I think the biggest issue is that you'd have to account for varying load
on the box. If we assume that the database is the only thing running on
the box, we might be able to do that by looking at things like how much
IO traffic we generated (though of course OS caching will screw with
that).

Actually, that's another issue... any plans run after the first one will
show up as being artificially fast, since there will be a lot of extra
cached data.

Yes, caching issues prevent you from using wall-clock time. We could instrument the code to count the number of rows vs. the number predicted for each internal join, from which new cost estimates could be generated.

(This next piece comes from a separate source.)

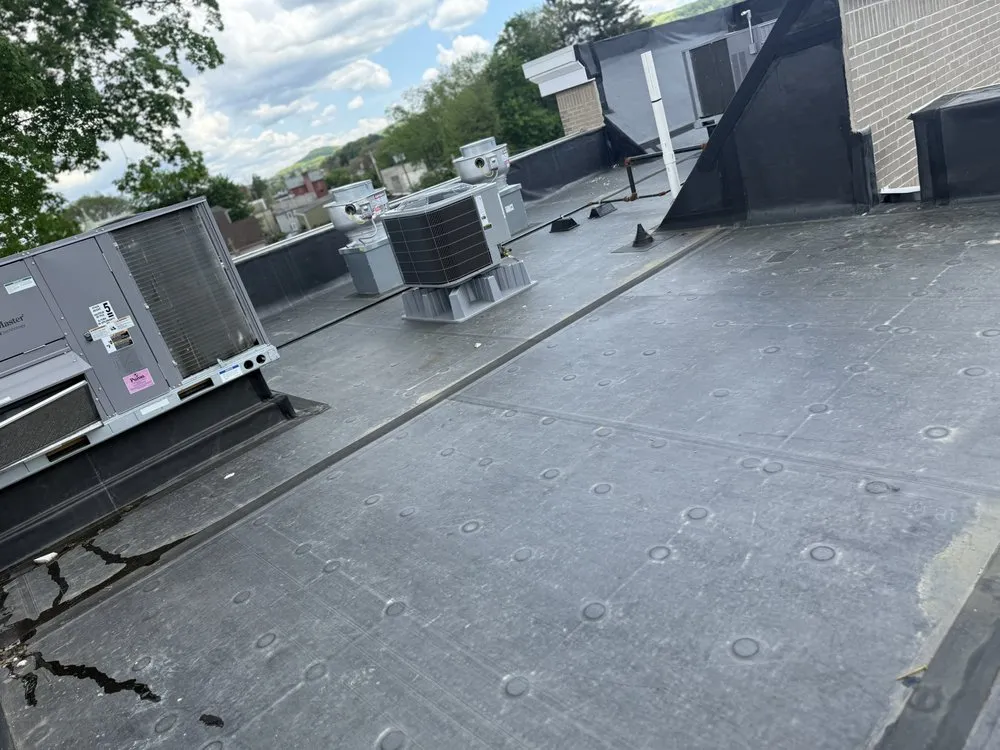 Local shingle roofing service in Cresco, PA - Five Star Homes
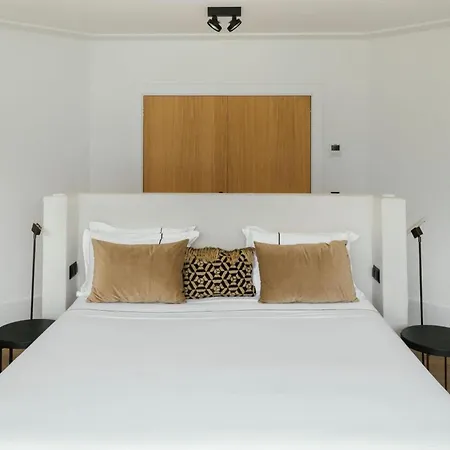 Relaxing Up To 12 Guests * Lenno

Perhaps you can check my reasoning for me: I'm imagining a query which computes AxBxCxD, where A, B, C, and D are actual tables. I'm also imagining that the planner always chooses AxB first, then joins on C, then joins on D. (It does so because the single-table statistics suggest this as the best course of action.) It might be that AxD is a really small metatable, much smaller than would be estimated from the statistics for A independent of the statistics for D, but AxB is pretty much what you would expect given the independent statistics for A and B. So we need some way for the system to stumble upon that fact. If we only ever calculate cross-join statistics for plans that the system chooses, we will only discover that AxB is about the size we expected it to be. So, if the actual size of AxB is nearly equal to the estimated size of AxB, the system will continue to choose the same plan in future queries, totally ignorant of the advantages of doing AxD first.

That last paragraph is my reasoning for suggesting that the system have a mode in which it runs the "runner-up #1", "runner-up #2", etc sorts of plans. Such a mode could force it down alternate paths where it might pick up interesting statistics that it wouldn't find otherwise.

This idea could be changed somewhat. Rather than running the other plans, we could just extract from them which alternate joins they include, and consider also calculating those join statistics.